- Location within the regional unit
- Kardamyla Location within Greece
- Coordinates: 38°32′N 26°05′E﻿ / ﻿38.533°N 26.083°E
- Country: Greece
- Administrative region: North Aegean
- Regional unit: Chios
- Municipality: Chios

Area
- • Municipal unit: 182.5 km^{2} (70.5 sq mi)

Population (2021)
- • Municipal unit: 1,897
- • Municipal unit density: 10.39/km^{2} (26.92/sq mi)
- • Community: 1,526
- Time zone: UTC+2 (EET)
- • Summer (DST): UTC+3 (EEST)
- Postal code: 82300
- Vehicle registration: ΧΙ

= Kardamyla =

Village in Chios, Greece

Kardamyla (Καρδάμυλα) is a village and a former municipality on the island of Chios, North Aegean, Greece. Since the 2011 local government reform it is part of the municipality Chios, of which it is a municipal unit.

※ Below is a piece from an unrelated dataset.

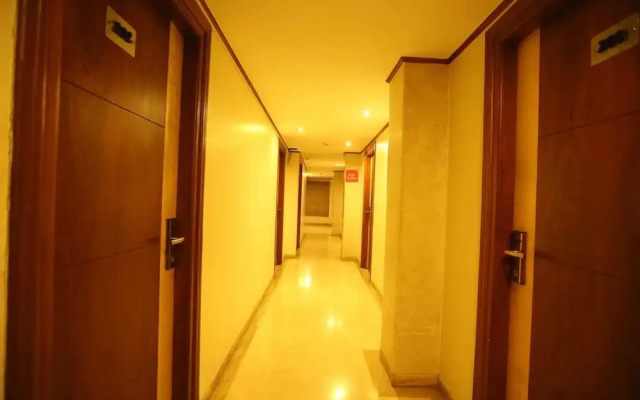 OYO Premium 113 Brigade Road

It is located in the northeastern corner of the island, opposite the island of Oinousses to the east. It has a land area of 182.480 km². It had a population of 1,897 in 2021. Kardamyla, the seat of the former municipality, is located on the coast of a small bay. The homes, shops and plateia of the village are on one side of the bay facing Agios Markos and cliffs which are located on the opposite side of the bay. On clear days, the island of Lesbos can be seen in the distance beyond the bay enclosure. It is a short boat ride from the neighbouring island of Oinousses. Both Oinousses and Kardamyla are known as the home villages of Greek ship-owners. The largest town in the municipal unit is Mármaron, part of the community of Kardamyla.

==Tourism==
Sights in the village include "The V", a large white V painted on the cliffs facing the village. It was created after World War II to celebrate the victory of the Allies, and is kept painted white every year since. Kardamylitians are proud of it and many take on the challenge of cliff-climbing to it.